Important Quality Review Tips

As described in our step by step guide to creating a campus website, every CSUSM website is subject to a quality review before the site can be published to the live server. Our complete Web Guidelines Document (Adobe PDF) provides a detailed description of all standards that must be met. However, this page provides a brief summary of some of the most important standards:

Use a common header on every page

Each page on your website should start with the same header style. Internal headers for subsections should also be uniform. As long as you choose one and are consistent, your pages will flow well.

Do not center your text

Your site will be easier to read if all your text is set as left justified (which is the default setting in Cascade). If there isn't much content on a certain page and you feel it looks odd, there are other things you can do to 'spruce up' the look of your page:

  • Consider using a title graphic on that page
  • Try using an image within the content
  • Reformat the text in a way that flows better (eg: using tables for data, bulleted lists, etc.)

Tables

Use the new table styles to make them look even better!

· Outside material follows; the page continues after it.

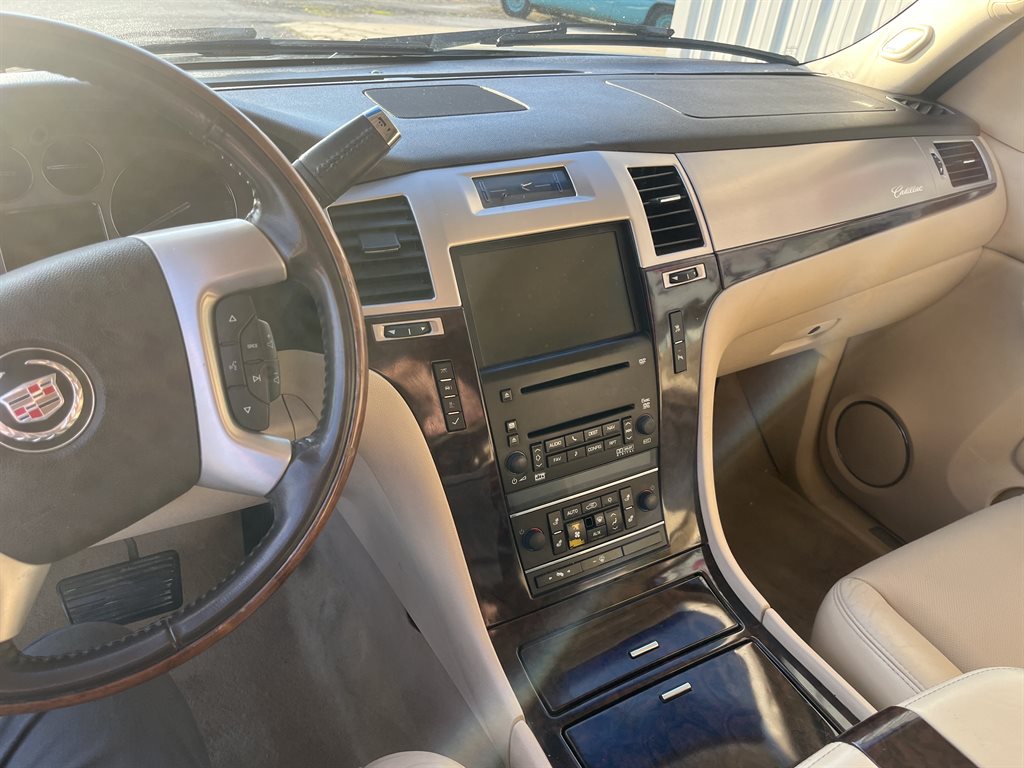 2007 Cadillac Escalade Luxury photo 10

In filenames: NO SPACES! NO CAPS!

This is very important and cannot be stressed enough. Spaces in filenames cause many issues. Try keeping all your filenames short, concise, with no spaces. This goes for any filetype on your website be it a Word doc, Excel file, Web page, PDF, image, or anything in between. If you need to have spaces for a more descriptive filename (usually for a download like a PDF document), consider an underscore or dash.

Uppercase text also causes issues. Our Web server is case sensitive. This means, if you send a link to someone, they will need to make sure that they type it with the exact uppercase/lowercase characters — otherwise it will not load. If you are consistent and keep all your filenames lowercase, you prevent this issue from happening.

Finally, do not use dots in the middle of your filenames. This can cause the same issues as spaces.

Examples:

October 2008 Directors Meeting Agenda FINAL.doc
oct08dirmeeting.doc
On the web, we don't need to know it's the 'Final' version. We can condense the characters as well.

Jason.Eberwein.pic.08.jpg
jasoneberwein.jpg
We know it's a pic because of the file extension. The extra dots are not needed.

Keep it short and simple

If your page contains too much content, people wont read it. Try to be as concise as possible. Avoid long, essay-like passages. Instead, create shorter sentences and paragraphs.

Break up your information into smaller segments with contrasting emphasis through the use of headings, bulleted lists, etc.

Check your links and pages

Before requesting your site quality review, publish your page to www-dev.csusm.edu. Go to your site and see it on the server (http://www-dev.csusm.edu/yourfolder).

Look through every page.

  • Do they flow? (look consistent from one to the next)
  • Does the navigation make sense?
    • Order
    • Items
    • Can anything be condensed into folders?
  • Click every link to make sure they work
  • Is there anything else you can do to make it more understandable by the end-user?